> [EXERCISE BRIEF]: Print all the data below exactly, without images.

GIVEN DATA Start Marker

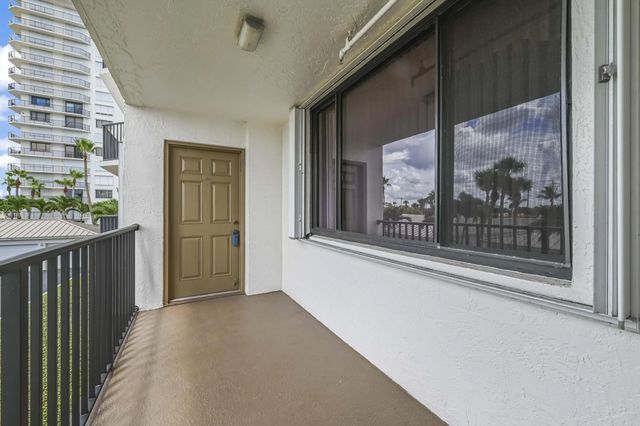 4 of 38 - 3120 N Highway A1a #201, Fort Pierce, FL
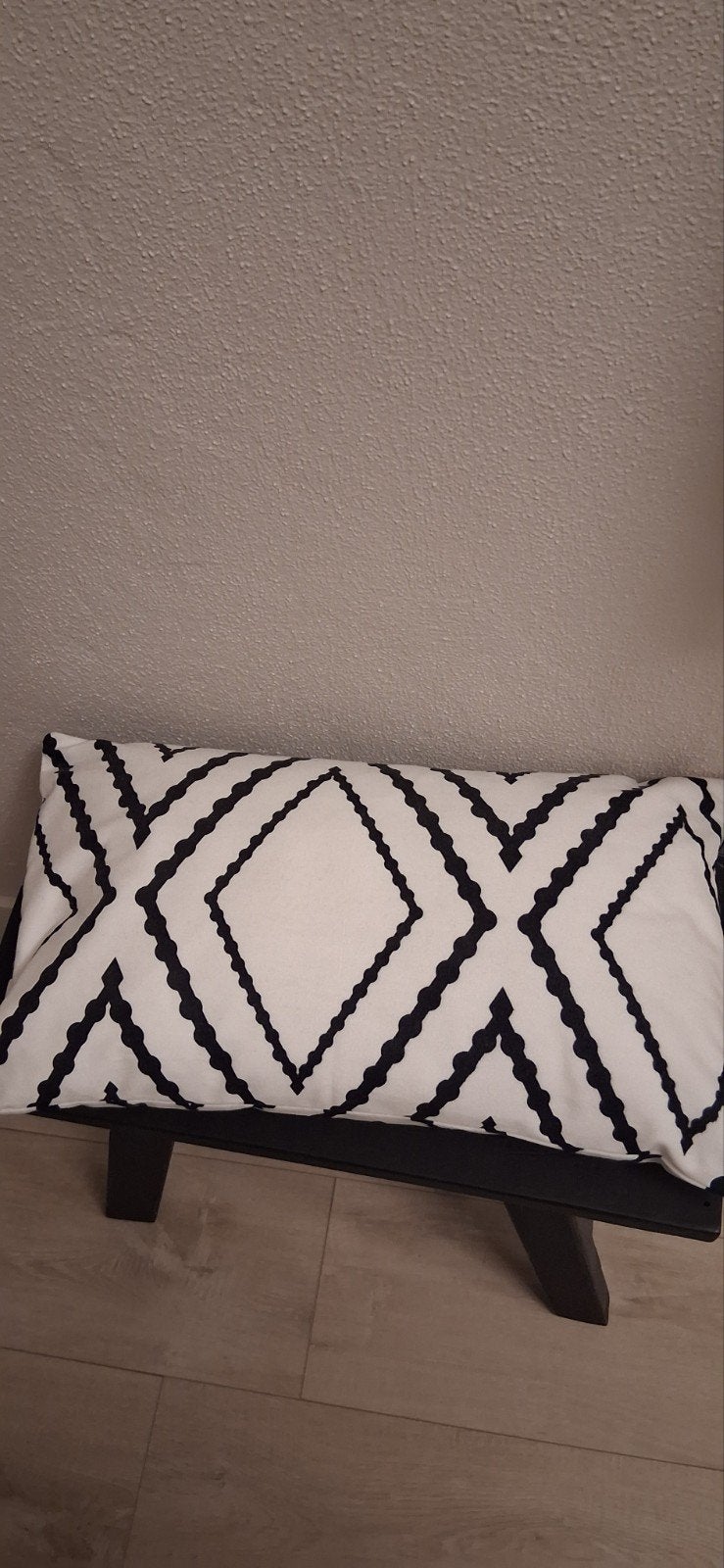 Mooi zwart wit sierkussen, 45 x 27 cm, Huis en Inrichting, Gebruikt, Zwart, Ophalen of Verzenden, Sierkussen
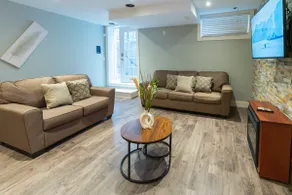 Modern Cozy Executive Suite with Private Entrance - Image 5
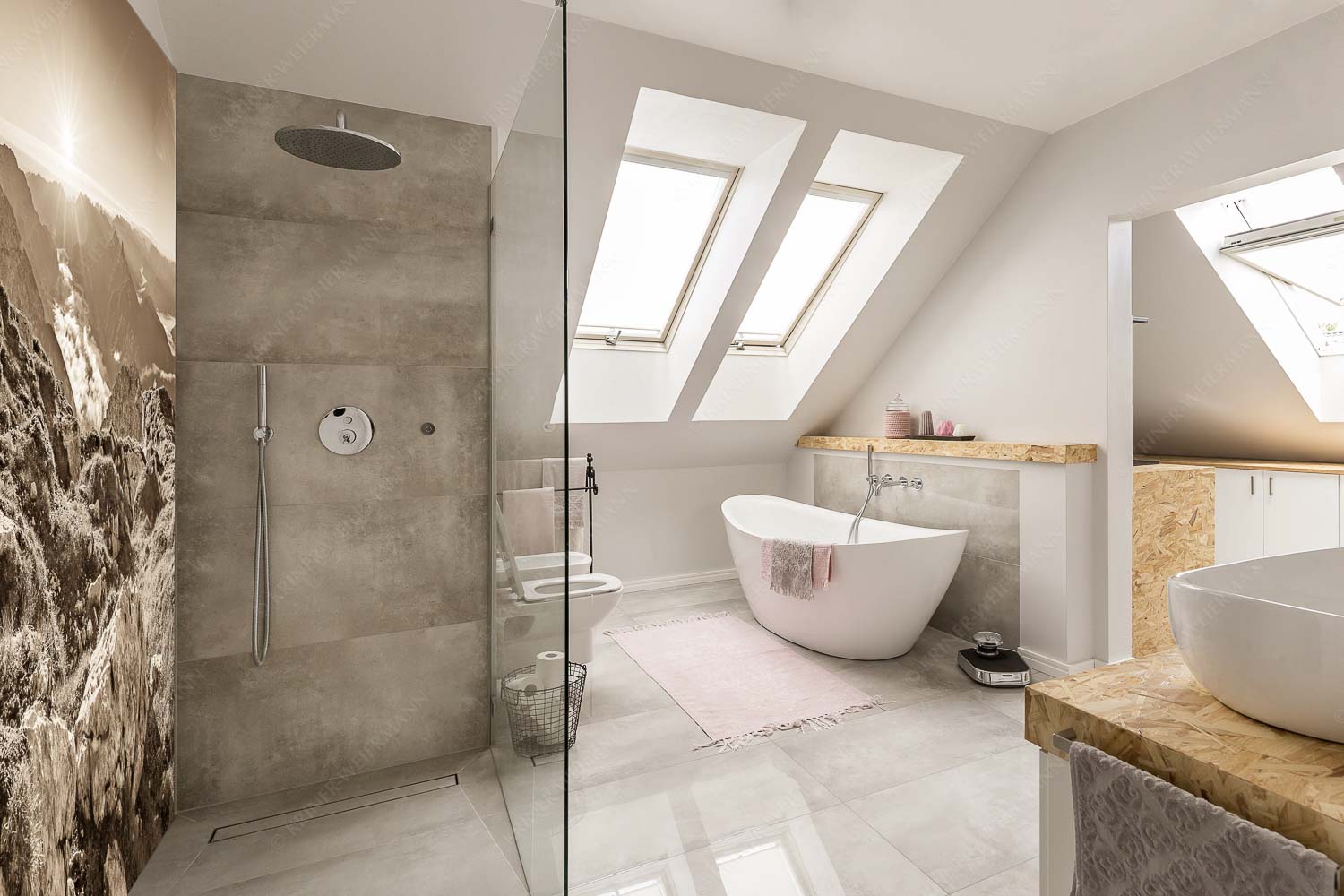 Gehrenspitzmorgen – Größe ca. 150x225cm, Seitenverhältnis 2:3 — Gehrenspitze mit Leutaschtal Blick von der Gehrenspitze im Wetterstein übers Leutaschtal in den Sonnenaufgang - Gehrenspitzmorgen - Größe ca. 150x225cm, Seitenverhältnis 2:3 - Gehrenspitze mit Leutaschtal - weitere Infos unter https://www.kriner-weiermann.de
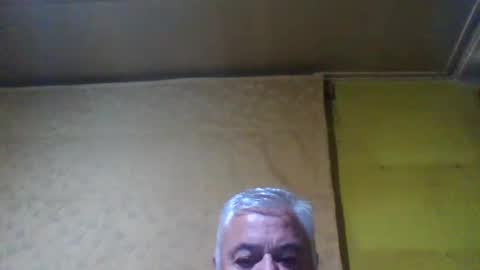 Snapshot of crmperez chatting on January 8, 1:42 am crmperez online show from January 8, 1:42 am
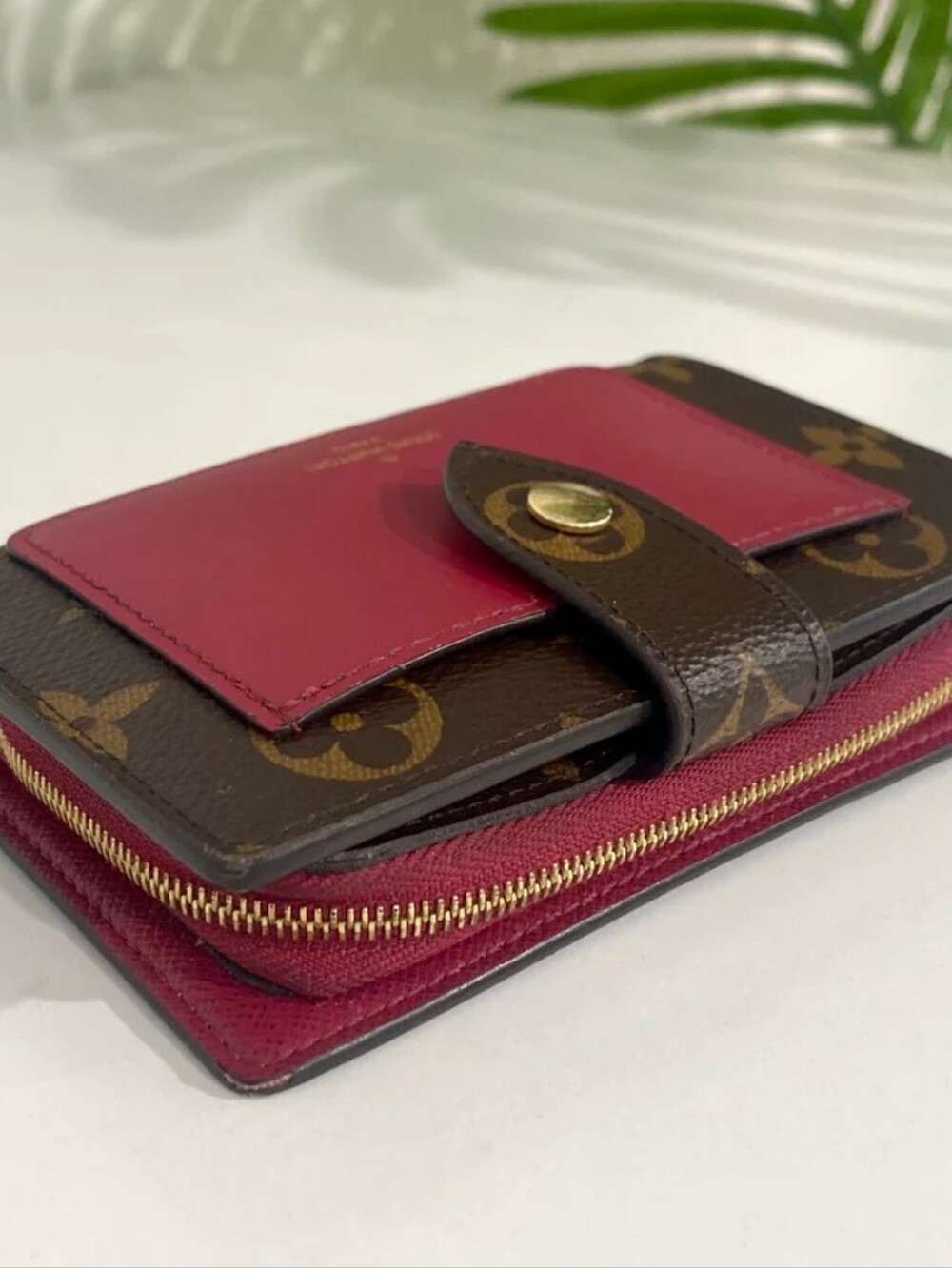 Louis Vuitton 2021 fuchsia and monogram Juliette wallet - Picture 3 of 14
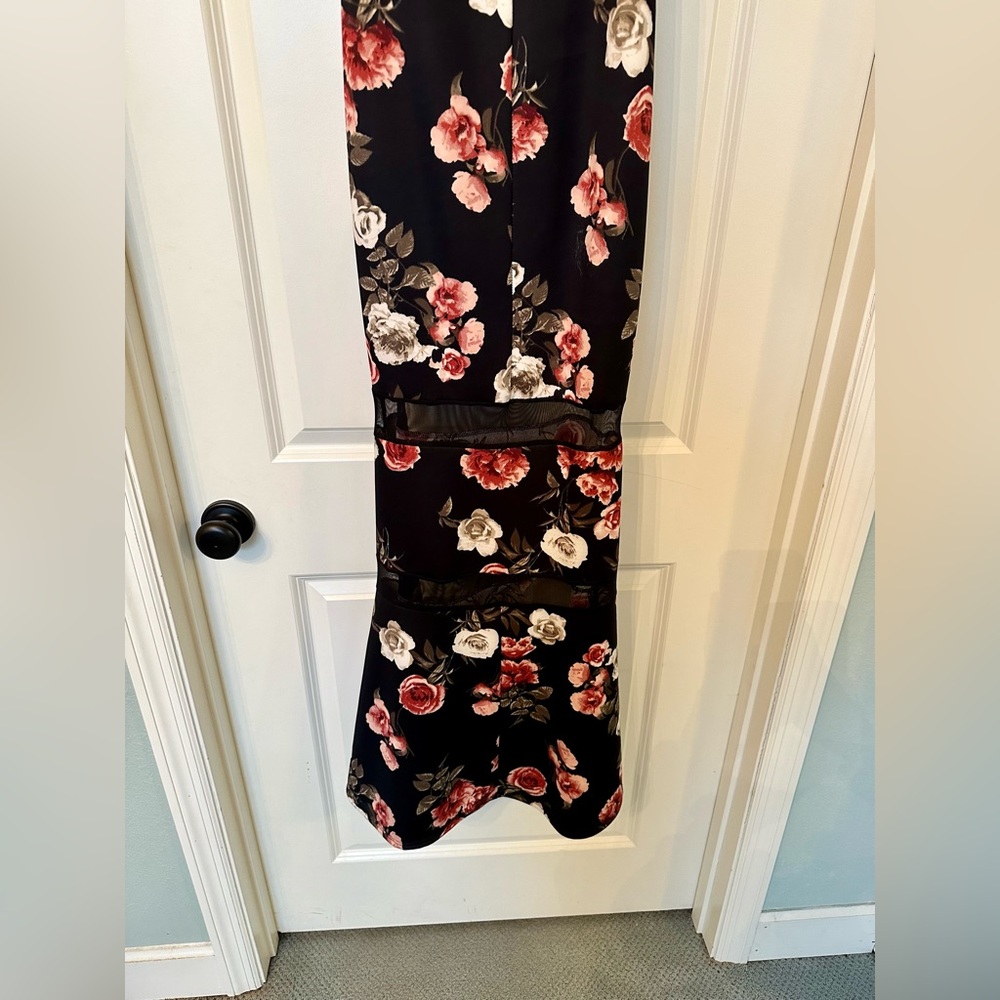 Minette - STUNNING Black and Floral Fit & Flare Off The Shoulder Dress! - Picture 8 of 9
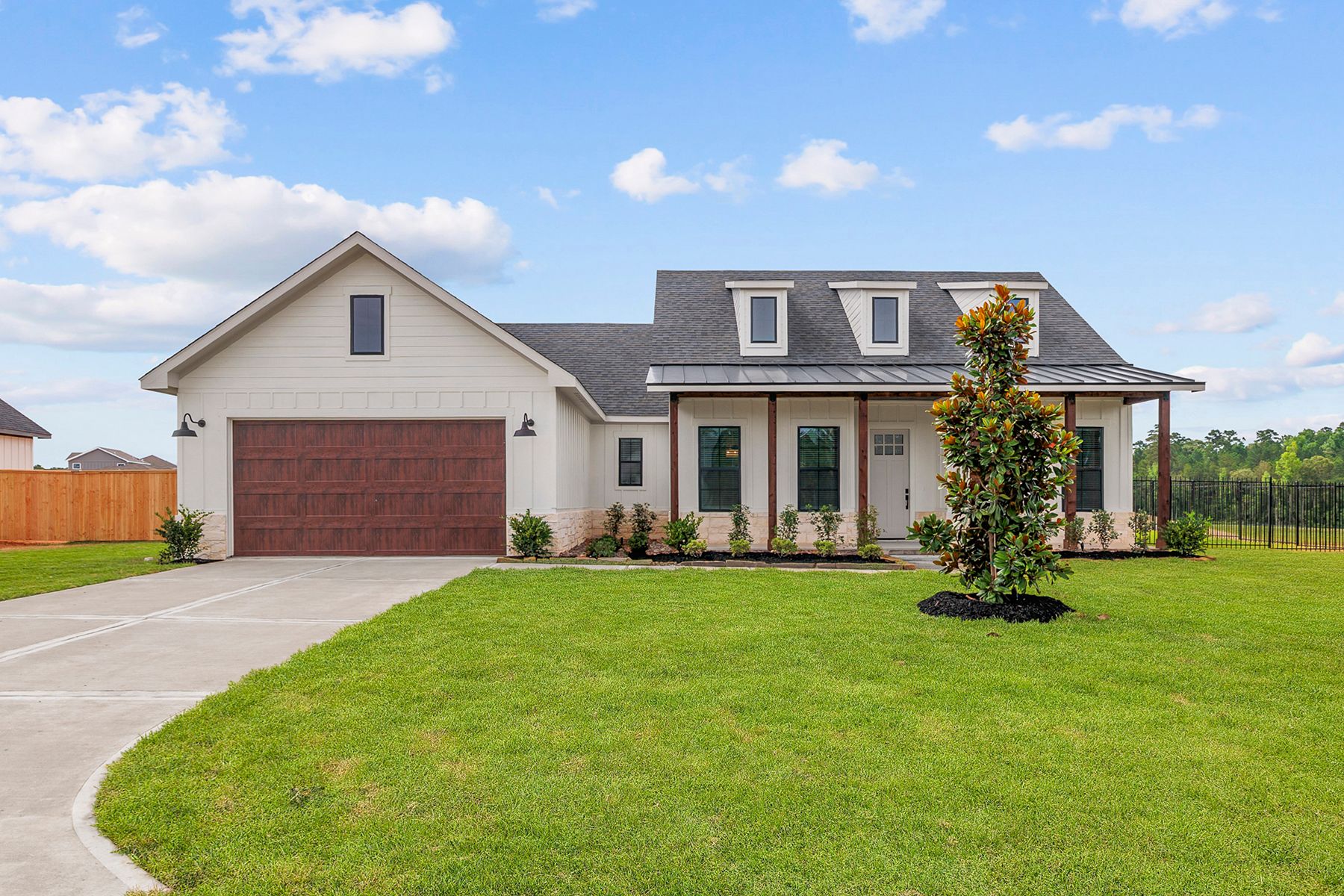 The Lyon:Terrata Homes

GIVEN DATA End Marker

> [OUTPUT OF THE TASK]:
 4 of 38 - 3120 N Highway A1a #201, Fort Pierce, FL
 Mooi zwart wit sierkussen, 45 x 27 cm, Huis en Inrichting, Gebruikt, Zwart, Ophalen of Verzenden, Sierkussen
 Modern Cozy Executive Suite with Private Entrance - Image 5
 Gehrenspitzmorgen – Größe ca. 150x225cm, Seitenverhältnis 2:3 — Gehrenspitze mit Leutaschtal Blick von der Gehrenspitze im Wetterstein übers Leutaschtal in den Sonnenaufgang - Gehrenspitzmorgen - Größe ca. 150x225cm, Seitenverhältnis 2:3 - Gehrenspitze mit Leutaschtal - weitere Infos unter https://www.kriner-weiermann.de
 Snapshot of crmperez chatting on January 8, 1:42 am crmperez online show from January 8, 1:42 am
 Louis Vuitton 2021 fuchsia and monogram Juliette wallet - Picture 3 of 14
 Minette - STUNNING Black and Floral Fit & Flare Off The Shoulder Dress! - Picture 8 of 9
 The Lyon:Terrata Homes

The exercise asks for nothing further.